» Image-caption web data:
[Start of Attachment]

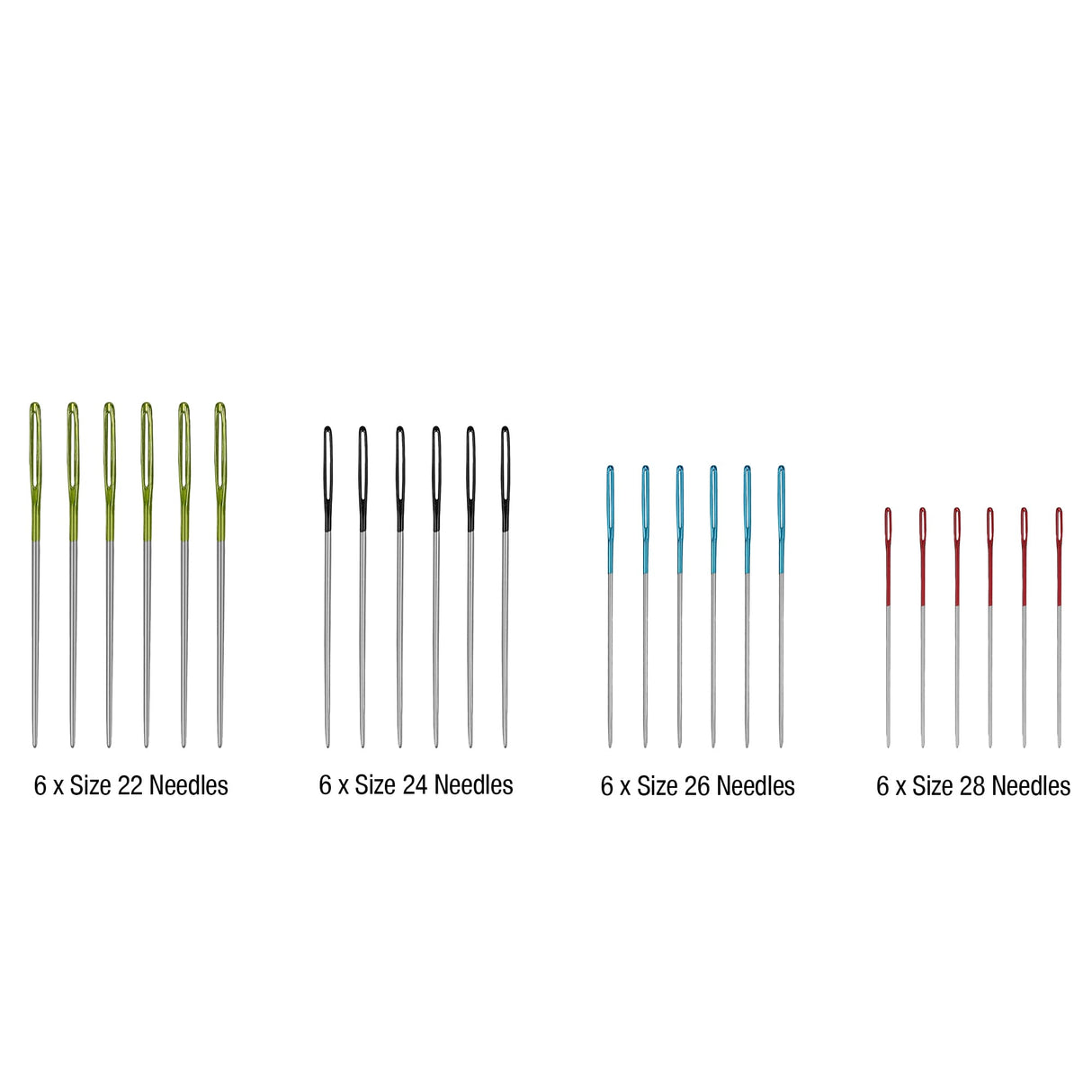 SINGER Tapestry Needles in Dial Compact, Assorted Sized Sewing Needles, Sizes 22, 24, 26, 28, Set of 24 SINGER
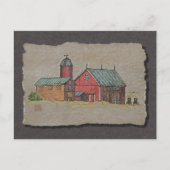 Red Barn & Two Buggies Briefkaart (Voorkant)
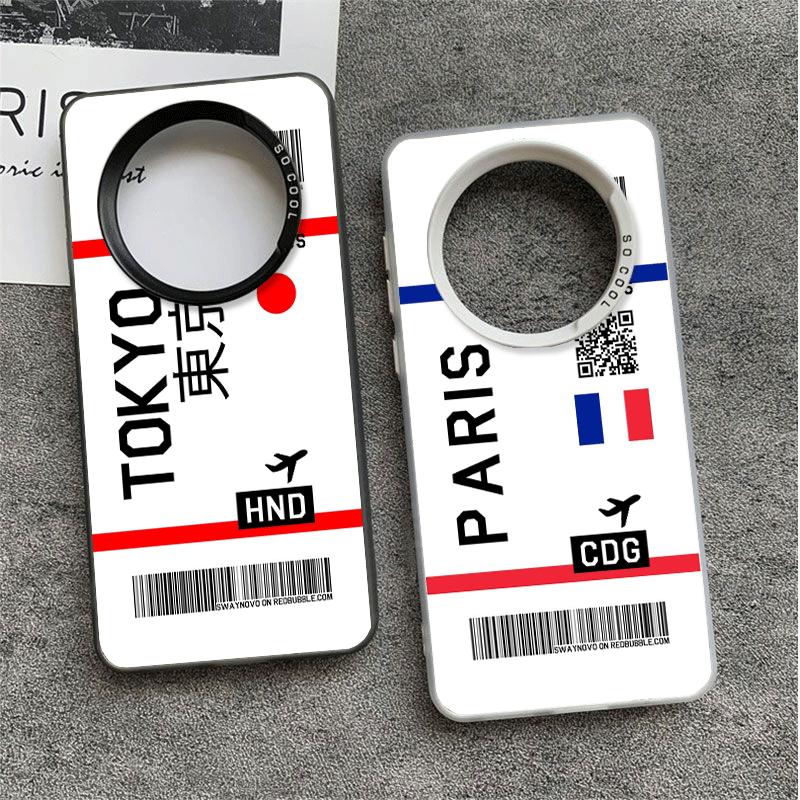 Travel Air Ticket Label Shockproof Phone Case for Xiaomi Redmi Note 15 14 13 12 Pro Plus 11 11S 11T 5G Cover Anti Fall Fundas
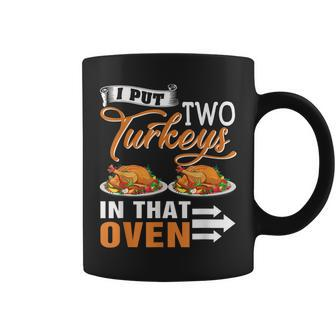 Thanksgiving Two Turkeys In The Oven Twin Pregnancy Coffee Mug | Mazezy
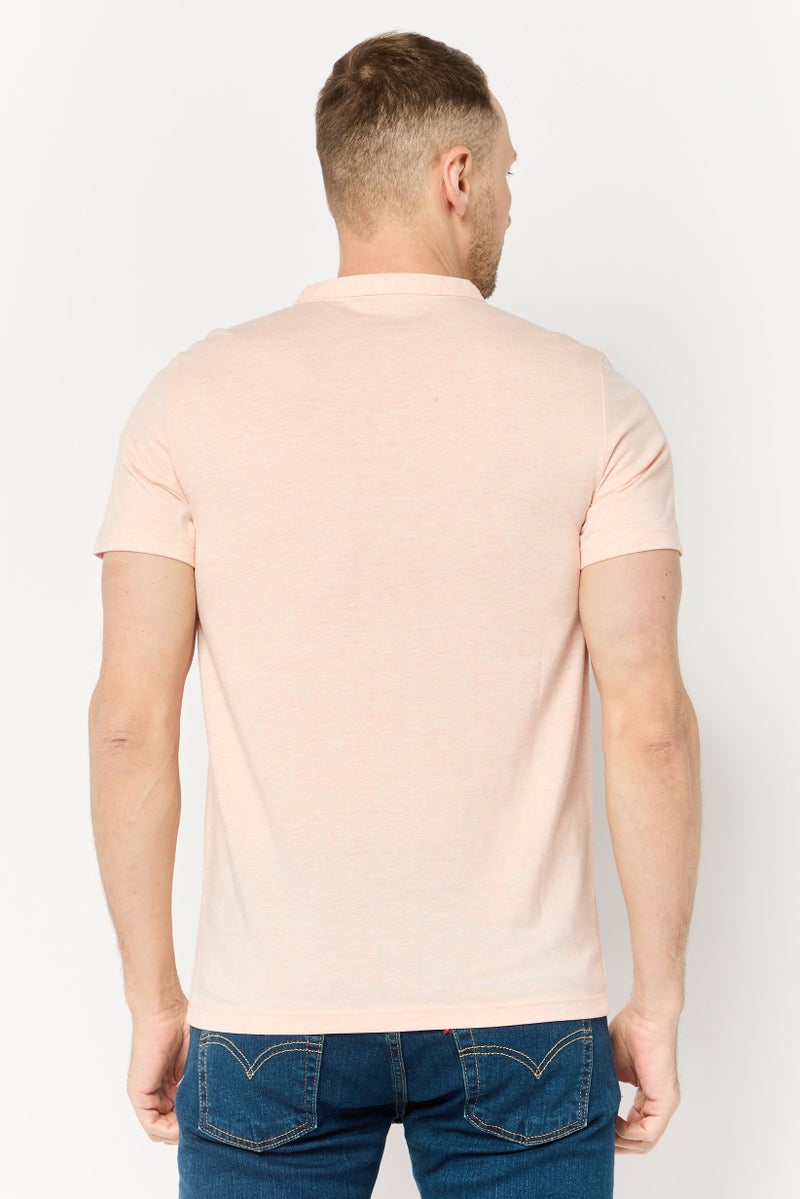 Celio Men Band Neck Short Sleeve Solid T Shirt, Peach - Image 4
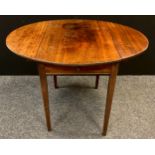 A 19th century mahogany Pembroke table, oval top, drawer to frieze, square legs, 72cm high, 74cm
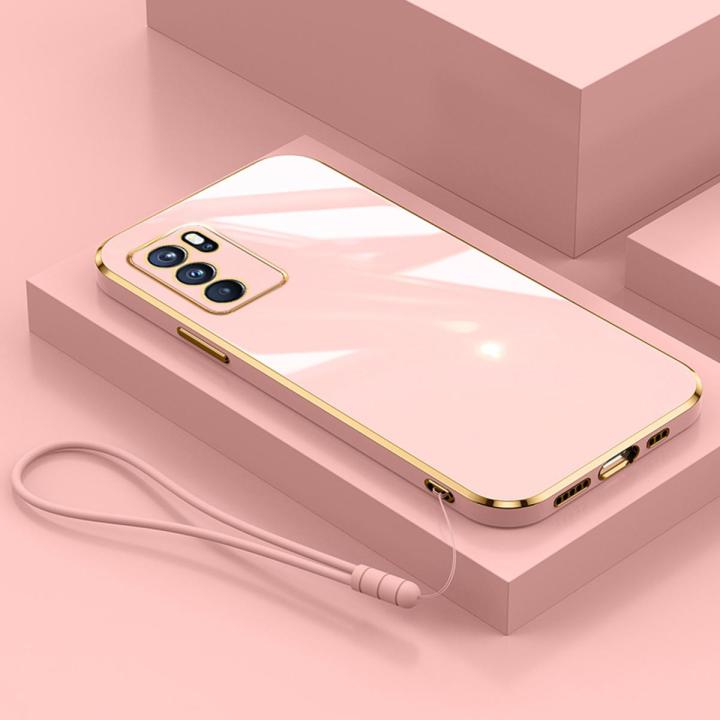 For OPPO A16 Cover with Wrist Strap Fashion Shiny Plating Square Bumper Girls Phone Case Soft TPU Silicone Shockproof Protective Back Cover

[End of Attachment]

» WHAT YOU NEED TO DO:
Begin with the line containing "Thanksgiving Two Turkeys", stop at the last line of the records above, and copy every line in between exactly, both ends included, with no pictures.

» RESPONSE BELOW:
 Thanksgiving Two Turkeys In The Oven Twin Pregnancy Coffee Mug | Mazezy
 Celio Men Band Neck Short Sleeve Solid T Shirt, Peach - Image 4
 A 19th century mahogany Pembroke table, oval top, drawer to frieze, square legs, 72cm high, 74cm
 For OPPO A16 Cover with Wrist Strap Fashion Shiny Plating Square Bumper Girls Phone Case Soft TPU Silicone Shockproof Protective Back Cover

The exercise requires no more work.